Currently I deploy a project to production with git, using git push production master
to a repository with the following post-receive hook:
#!/bin/bash
GIT_WORK_TREE=/home/username/www.example.com/myproject/ git checkout -f
production
is a remote, added via git remote add production ssh://server/home/username/projects/myproject.git
.
But now I need to deploy a separate branch to a separate path on the server.
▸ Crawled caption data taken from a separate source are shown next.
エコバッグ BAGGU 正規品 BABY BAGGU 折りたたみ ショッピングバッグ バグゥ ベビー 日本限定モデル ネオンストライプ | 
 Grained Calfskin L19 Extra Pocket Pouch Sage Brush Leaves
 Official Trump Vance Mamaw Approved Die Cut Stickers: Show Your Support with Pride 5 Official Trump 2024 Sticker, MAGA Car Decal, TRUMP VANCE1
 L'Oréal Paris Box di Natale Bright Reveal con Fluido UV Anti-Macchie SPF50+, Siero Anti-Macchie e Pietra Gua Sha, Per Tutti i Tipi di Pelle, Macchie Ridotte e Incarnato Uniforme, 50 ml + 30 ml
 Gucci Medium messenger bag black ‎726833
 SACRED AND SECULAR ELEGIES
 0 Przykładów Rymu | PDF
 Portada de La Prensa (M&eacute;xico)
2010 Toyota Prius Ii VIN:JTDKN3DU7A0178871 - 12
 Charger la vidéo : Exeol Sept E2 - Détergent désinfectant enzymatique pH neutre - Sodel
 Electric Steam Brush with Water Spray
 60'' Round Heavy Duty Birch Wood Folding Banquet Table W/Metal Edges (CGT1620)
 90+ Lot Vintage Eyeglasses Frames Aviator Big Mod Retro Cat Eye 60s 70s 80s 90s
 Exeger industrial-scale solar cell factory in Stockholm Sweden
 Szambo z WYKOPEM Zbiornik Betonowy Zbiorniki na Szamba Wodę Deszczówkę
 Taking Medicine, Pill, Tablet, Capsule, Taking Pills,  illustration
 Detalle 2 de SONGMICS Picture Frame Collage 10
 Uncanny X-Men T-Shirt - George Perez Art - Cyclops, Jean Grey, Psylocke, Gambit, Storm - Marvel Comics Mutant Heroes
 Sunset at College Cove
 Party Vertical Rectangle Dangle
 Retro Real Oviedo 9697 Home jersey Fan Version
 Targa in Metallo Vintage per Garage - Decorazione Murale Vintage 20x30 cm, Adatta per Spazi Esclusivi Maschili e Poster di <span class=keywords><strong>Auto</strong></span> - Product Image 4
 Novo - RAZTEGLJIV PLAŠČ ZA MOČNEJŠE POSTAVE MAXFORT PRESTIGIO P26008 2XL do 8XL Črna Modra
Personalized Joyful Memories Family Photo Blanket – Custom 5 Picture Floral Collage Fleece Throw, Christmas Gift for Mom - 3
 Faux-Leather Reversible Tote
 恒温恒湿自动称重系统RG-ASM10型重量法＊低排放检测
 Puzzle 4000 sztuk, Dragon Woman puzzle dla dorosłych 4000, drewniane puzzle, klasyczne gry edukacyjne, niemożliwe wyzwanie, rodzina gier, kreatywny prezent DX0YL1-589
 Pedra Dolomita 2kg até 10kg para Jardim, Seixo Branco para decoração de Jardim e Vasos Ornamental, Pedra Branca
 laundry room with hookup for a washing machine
I did come up with a solution, but I suppose there's a better way to do it.
What I did was create a new repository on the server, myproject-alternate.git
, with a similar post-receive hook (replacing /myproject/
with /myproject-alternate/
), added this new repository with git remote add alternate ssh://server/home/username/projects/myproject-alternate.git
. Now I can deploy to the alternate path with git push alternate branchname:master
.
This works, but I have some issues:
- The command to deploy to the alternate server is not what I was expecting—more than once I forgot the
:master
at the end and the server's repository received a new branch and the post-receive hook wasn't triggered. - I'm not sure if creating a new repository on the server was the best solution, and I wonder what would happen with a larger project.
Are there other ways to accomplish this deploy flow without the mentioned issues? Maybe a better post-receive hook that uses the received branchname to deploy to the right path? (is this even possible?)